**The problem**
Without including the images, transcribe each record precisely as it appears below.

Extracted data Block Start

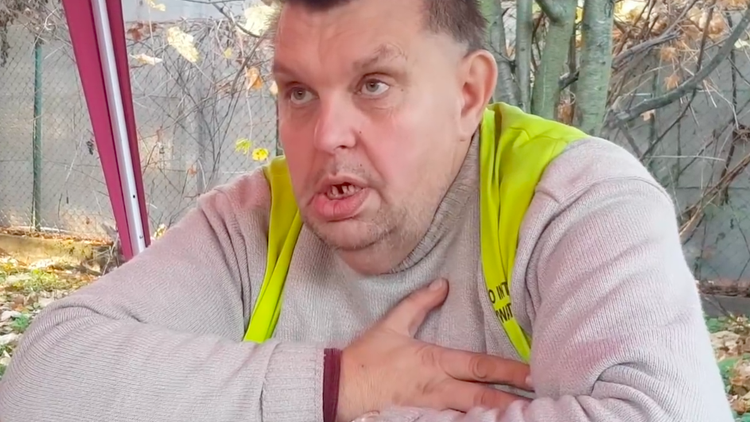 Krzysztof Kononowicz pobity i okradziony na własnym podwórku. Zatrzymano trzech mężczyzn
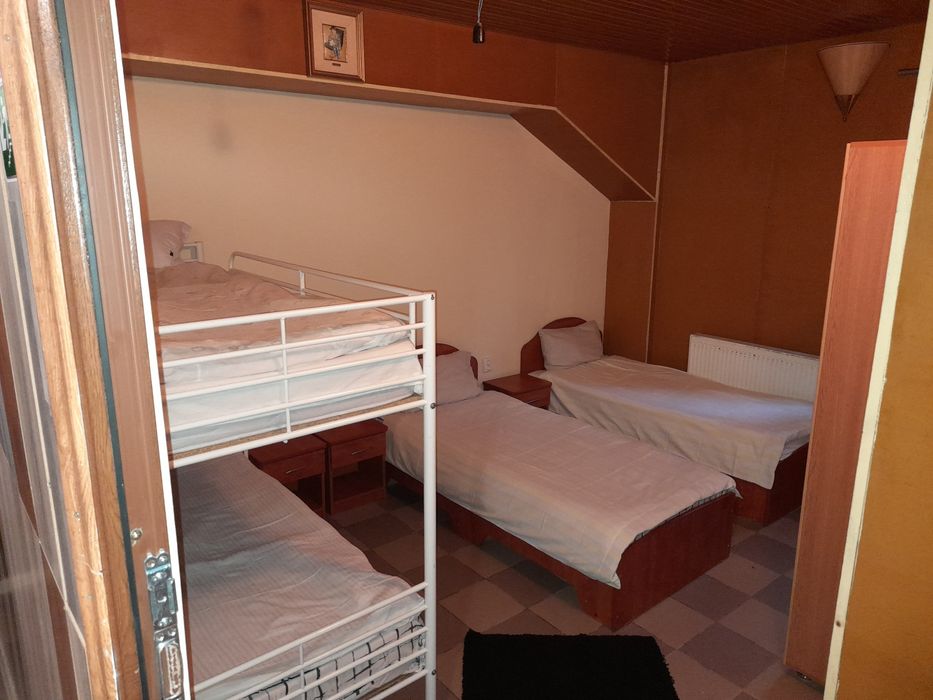 Casă de închiriat pentru 10 persoane (muncitori)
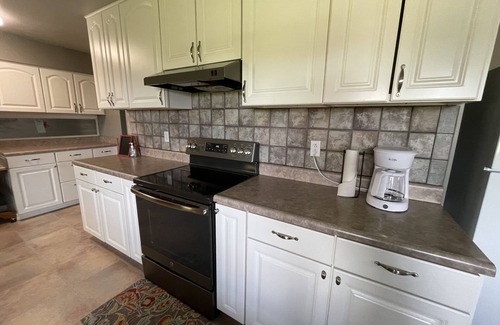 Joplin Other | Serene Country Escape with Family-Friendly Amenities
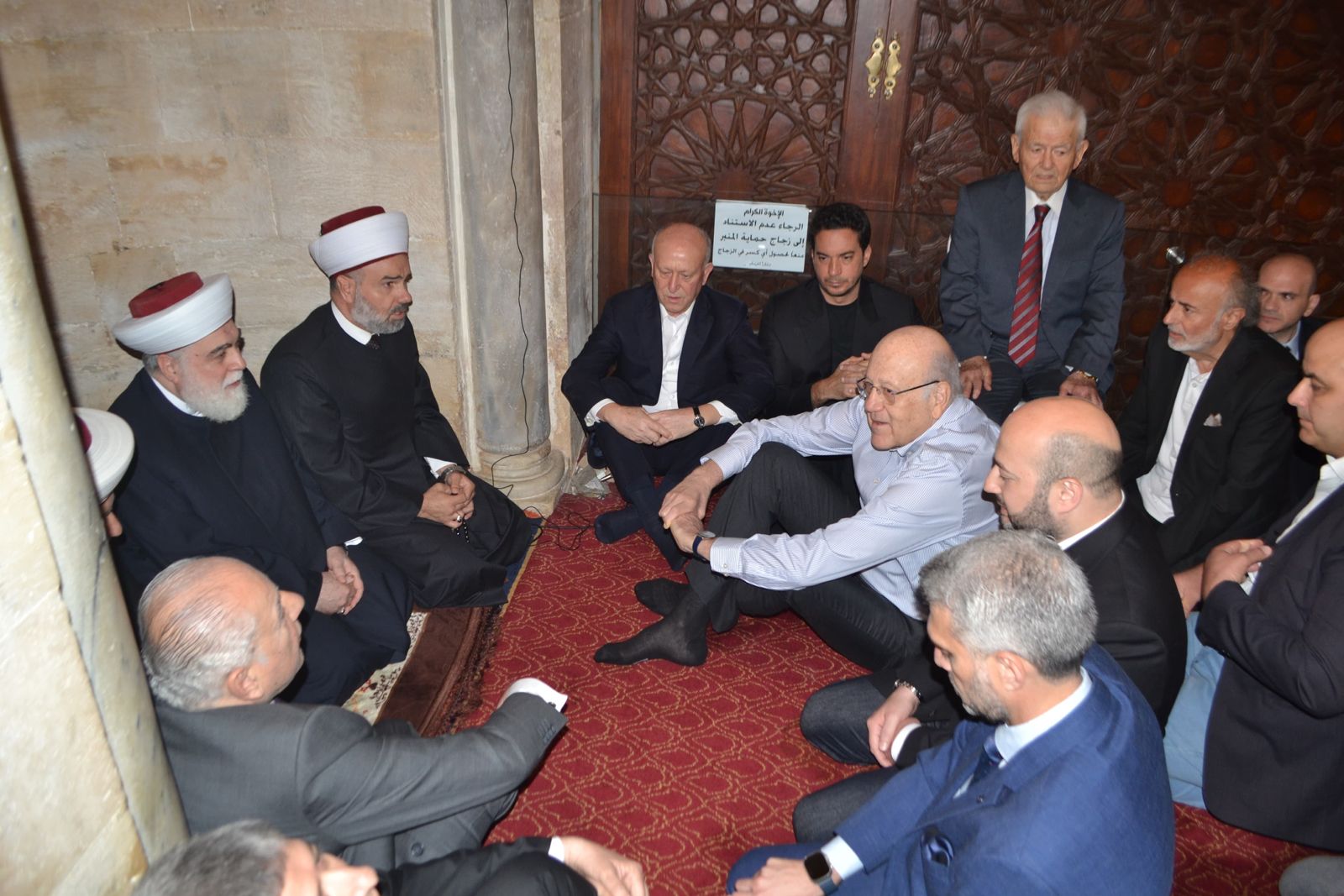 ميقاتي مشاركاً في صلاة العيد.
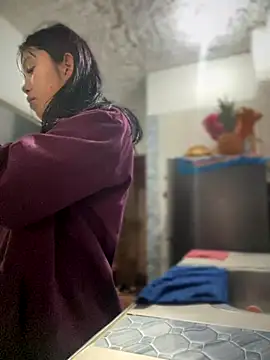 emily rosse04 online show from September 2025 12:05:02 PM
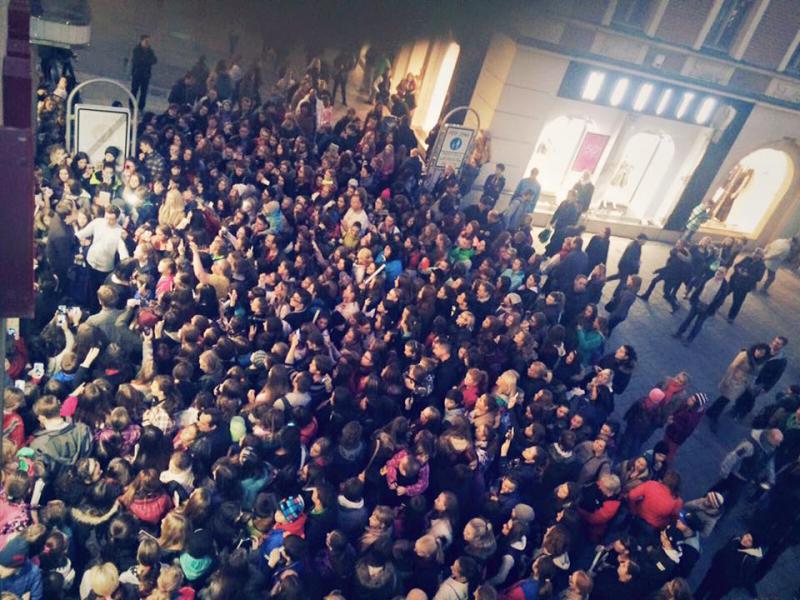 Duo SLZA způsobuje davové šílenství a oznamuje další zastávky autogramiád! Jejich debut KATARZE se stal ihned nejprodávanějším albem týdne!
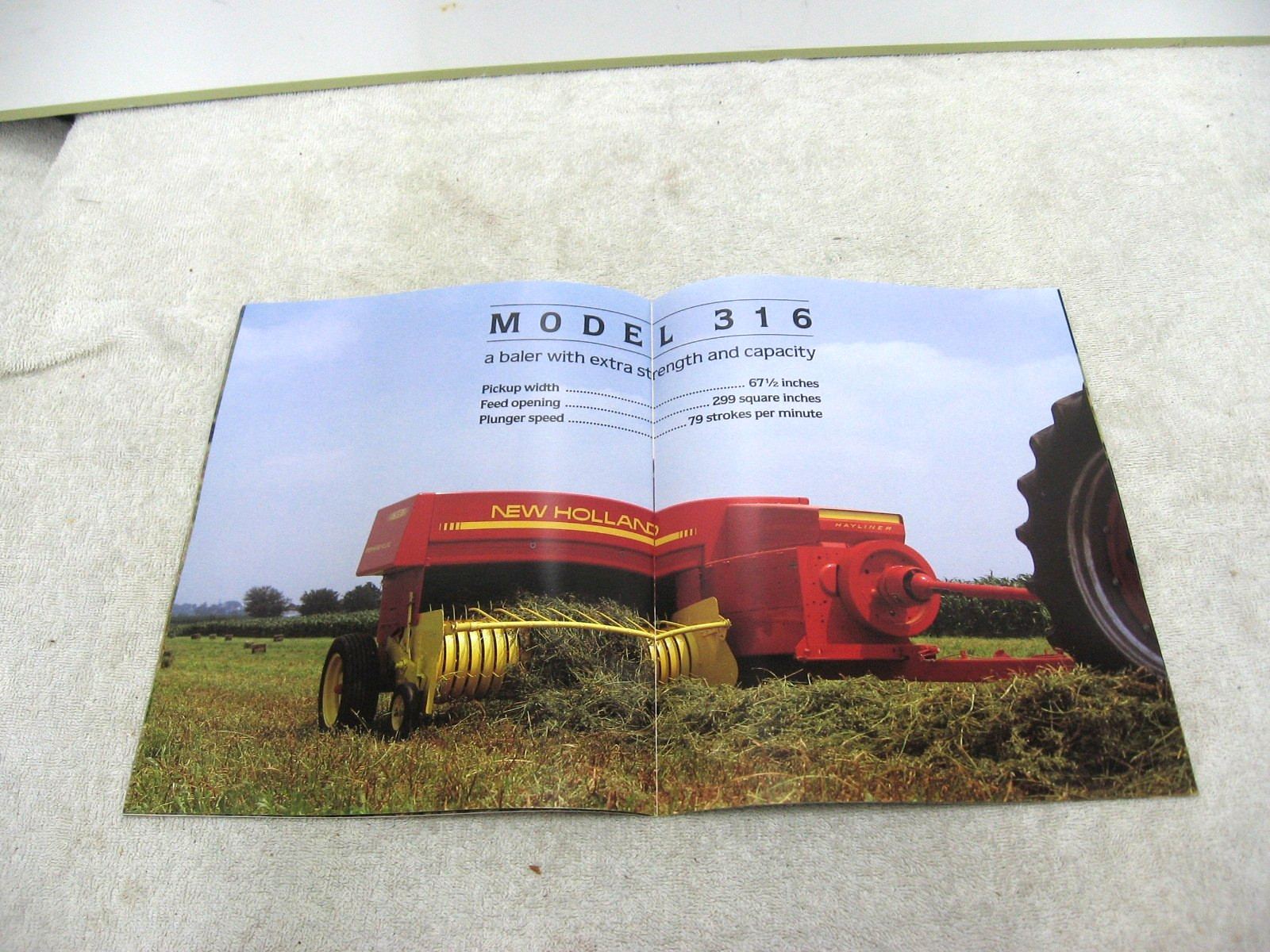 VINTAGE 1985 FORD NEW HOLLAND TRACTOR BALER BALERS BROCHURE 311 316 326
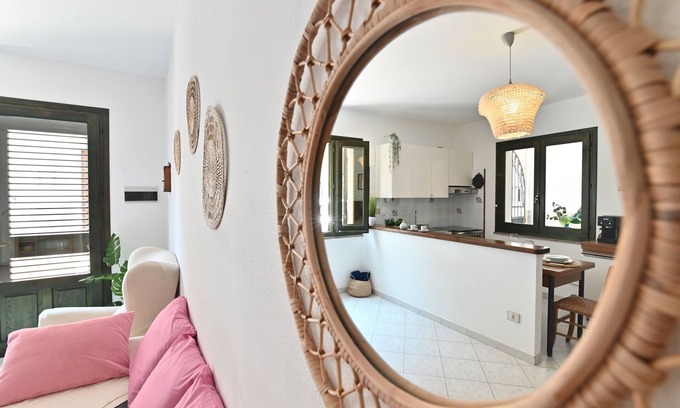 Pula Apartment | IzzHome Central Cozy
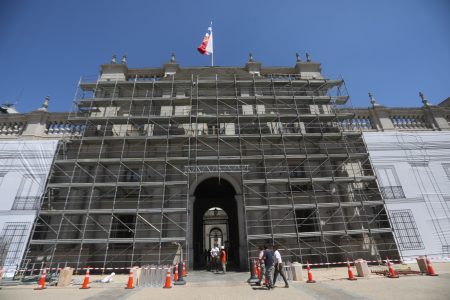 Desbordes vs Gobierno: municipio de Santiago ordena paralizar restauración de La Moneda
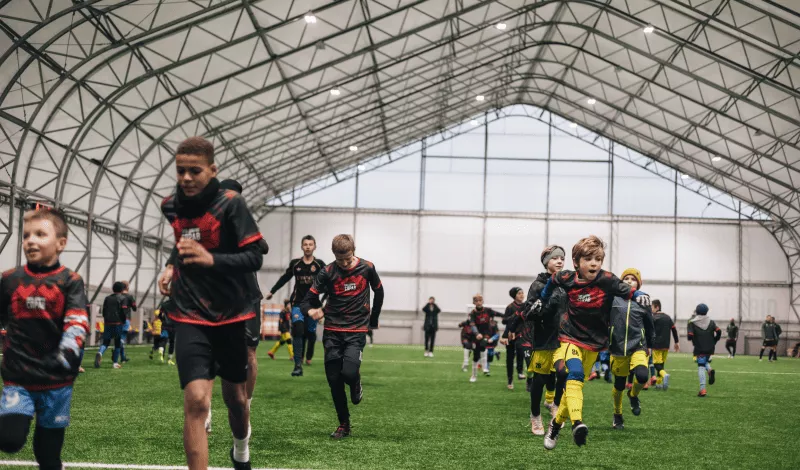 Коли зірки зустрілися з дітьми: благодійний матч від «Betking Foundation» до Дня захисту дітей у Києві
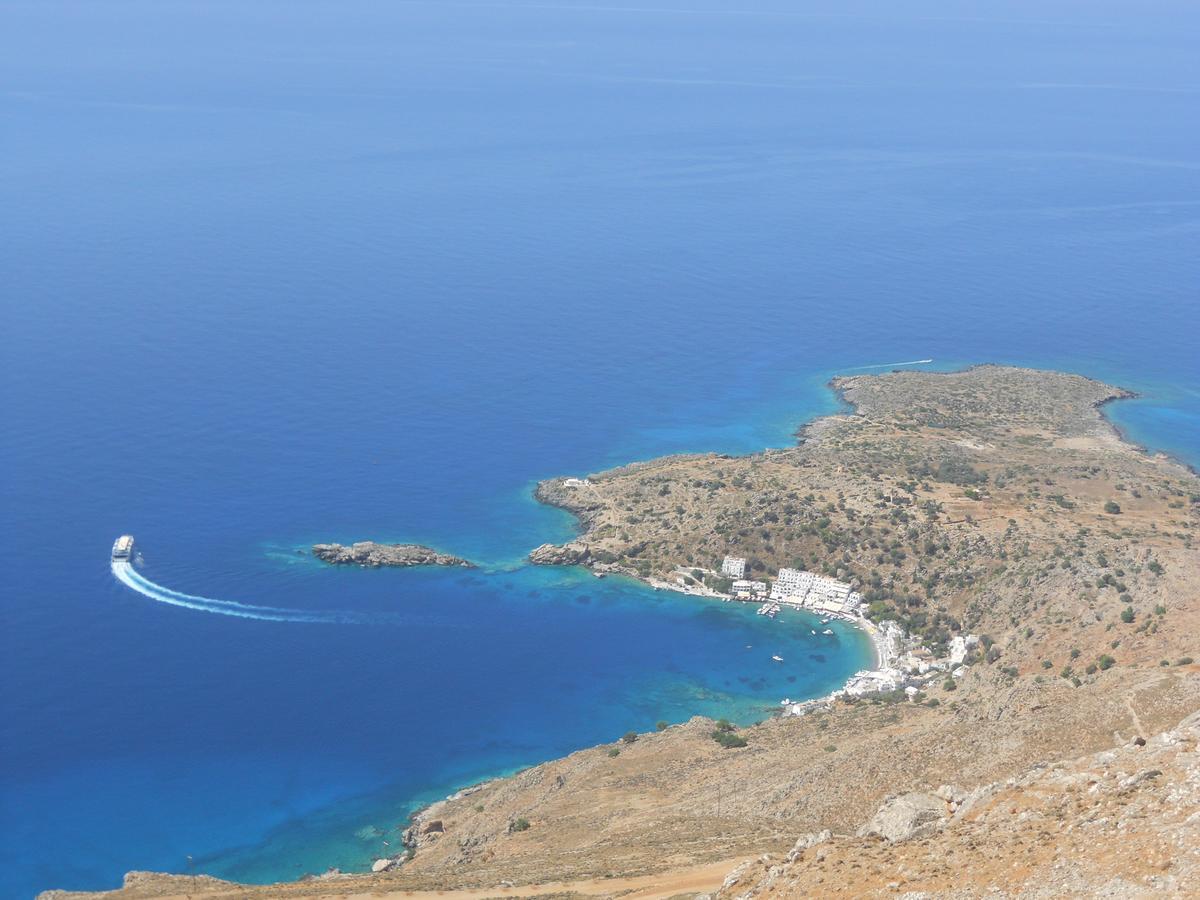 Daskalogiannis Hotel Loutro Bagian luar foto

Extracted data Block End

**Exercise output**
 Krzysztof Kononowicz pobity i okradziony na własnym podwórku. Zatrzymano trzech mężczyzn
 Casă de închiriat pentru 10 persoane (muncitori)
 Joplin Other | Serene Country Escape with Family-Friendly Amenities
 ميقاتي مشاركاً في صلاة العيد.
 emily rosse04 online show from September 2025 12:05:02 PM
 Duo SLZA způsobuje davové šílenství a oznamuje další zastávky autogramiád! Jejich debut KATARZE se stal ihned nejprodávanějším albem týdne!
 VINTAGE 1985 FORD NEW HOLLAND TRACTOR BALER BALERS BROCHURE 311 316 326
 Pula Apartment | IzzHome Central Cozy
 Desbordes vs Gobierno: municipio de Santiago ordena paralizar restauración de La Moneda
 Коли зірки зустрілися з дітьми: благодійний матч від «Betking Foundation» до Дня захисту дітей у Києві
 Daskalogiannis Hotel Loutro Bagian luar foto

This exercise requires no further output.